• ACTIVITY
Without any of the pictures, transcribe all the lines below exactly.

• EXERCISE DATA
+ + + + + + +

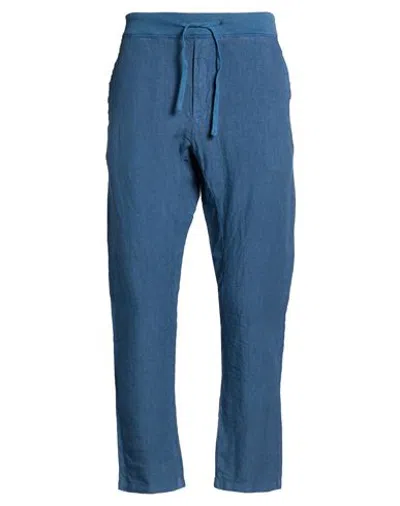 120% Lino Man Pants Navy Size 32 Linen In Blue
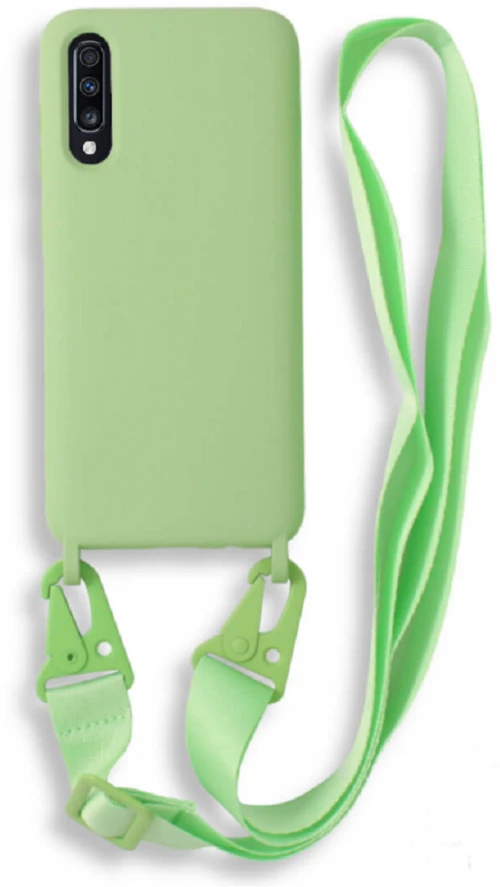 Bodycell Θήκη Σιλικόνης με Λουράκι Λαιμού - Samsung Galaxy A70 - Green (5206015001604)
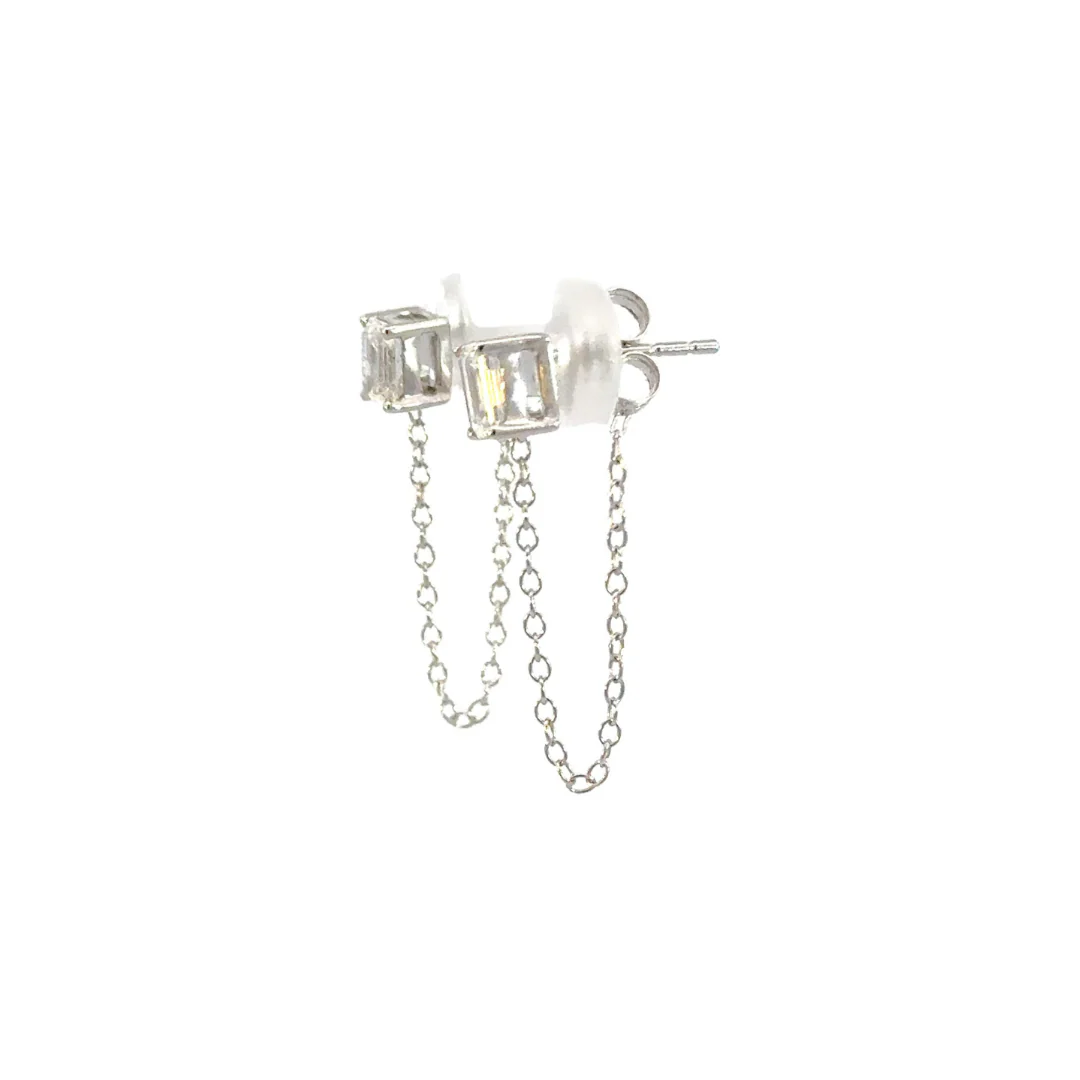 EFI52161. 14k Solid Gold Diamond Dangle Studs - Image 5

+ + + + + + +

• EXERCISE ANSWER
 120% Lino Man Pants Navy Size 32 Linen In Blue
 Bodycell Θήκη Σιλικόνης με Λουράκι Λαιμού - Samsung Galaxy A70 - Green (5206015001604)
 EFI52161. 14k Solid Gold Diamond Dangle Studs - Image 5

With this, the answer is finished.